Two or three months of such shortfalls, “and we will be in a very difficult place,” he said.
“Many of our bishops … have said they simply cannot comprehend why [homosexual clergy] is ‘the deal breaking’ issue,” he wrote. “One bishop said, ‘We can go side by side to the Communion rail in total disagreement over capital punishment — whether or not it is right to kill a human being — so why is this the issue that is tearing us apart?’”

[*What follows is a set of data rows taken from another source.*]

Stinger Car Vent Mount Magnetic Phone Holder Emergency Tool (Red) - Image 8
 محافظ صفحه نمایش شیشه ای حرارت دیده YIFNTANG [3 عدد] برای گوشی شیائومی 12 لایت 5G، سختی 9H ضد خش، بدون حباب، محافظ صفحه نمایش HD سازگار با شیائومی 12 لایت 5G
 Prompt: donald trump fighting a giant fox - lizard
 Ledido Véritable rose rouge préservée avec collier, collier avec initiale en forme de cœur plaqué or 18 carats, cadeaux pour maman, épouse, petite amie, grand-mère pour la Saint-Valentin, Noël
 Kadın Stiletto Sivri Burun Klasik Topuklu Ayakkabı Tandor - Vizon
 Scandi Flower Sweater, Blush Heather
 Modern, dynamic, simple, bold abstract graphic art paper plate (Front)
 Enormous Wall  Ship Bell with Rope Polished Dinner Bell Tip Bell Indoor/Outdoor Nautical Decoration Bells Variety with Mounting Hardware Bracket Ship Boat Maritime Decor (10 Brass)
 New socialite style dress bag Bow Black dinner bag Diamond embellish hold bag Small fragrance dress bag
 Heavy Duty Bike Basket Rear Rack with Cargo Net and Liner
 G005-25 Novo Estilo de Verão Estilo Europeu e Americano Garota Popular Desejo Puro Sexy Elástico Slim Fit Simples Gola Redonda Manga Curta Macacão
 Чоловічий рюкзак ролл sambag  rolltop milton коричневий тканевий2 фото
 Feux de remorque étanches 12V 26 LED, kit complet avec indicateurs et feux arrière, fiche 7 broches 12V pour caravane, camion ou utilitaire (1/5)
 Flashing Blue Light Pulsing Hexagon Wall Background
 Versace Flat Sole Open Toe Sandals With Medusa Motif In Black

Bishop Howe is not the only bishop tightening the purse strings. During a Sept. 23 meeting at Virginia Theological Seminary in Alexandria, Virginia Bishop Peter Lee told 400 Episcopalians that one departing priest on his staff would not be replaced as a result of several parishes in his diocese withholding funds.
“Saint Paul disagreed with the theological views of the church in Jerusalem,” he admonished the crowd, “yet he raised money for it.”
However, even some of the staff in certain dioceses have had enough. Last month, Andy Figueroa, spokesman for the Diocese of Southern Ohio, resigned. Even though his diocese voted against Bishop-elect Robinson’s election, “I cannot pretend sin is not sin,” he wrote in an open letter.
In other conservative dioceses, whole groups of churches are looking to leave. According to the El Paso Times, all eight Episcopal churches in El Paso County, Texas, totaling about 3,000 members, are considering breaking away from the church. They belong to the Diocese of Rio Grande, based in Albuquerque, N.M., whose bishop voted against Bishop-elect Robinson’s election.